Given records:

══════

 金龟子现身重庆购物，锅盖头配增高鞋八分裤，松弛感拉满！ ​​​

══════

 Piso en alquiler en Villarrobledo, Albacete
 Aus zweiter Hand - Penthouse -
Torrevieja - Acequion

══════

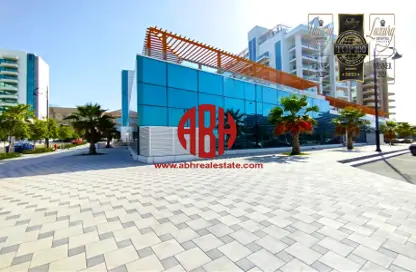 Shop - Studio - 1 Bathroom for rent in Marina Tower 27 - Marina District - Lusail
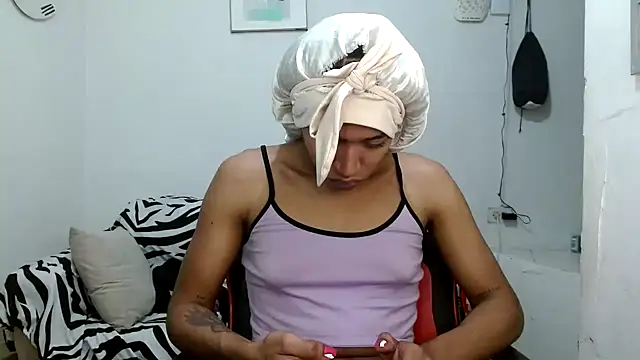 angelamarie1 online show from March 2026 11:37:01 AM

══════

Prompt:
After locating the line with "Piso en alquiler en Villarrobledo, Albacete" above, return that line and every later line through the one with "Torrevieja - Acequion", word for word and with nothing else.

Solved exercise:
 Piso en alquiler en Villarrobledo, Albacete
 Aus zweiter Hand - Penthouse -
Torrevieja - Acequion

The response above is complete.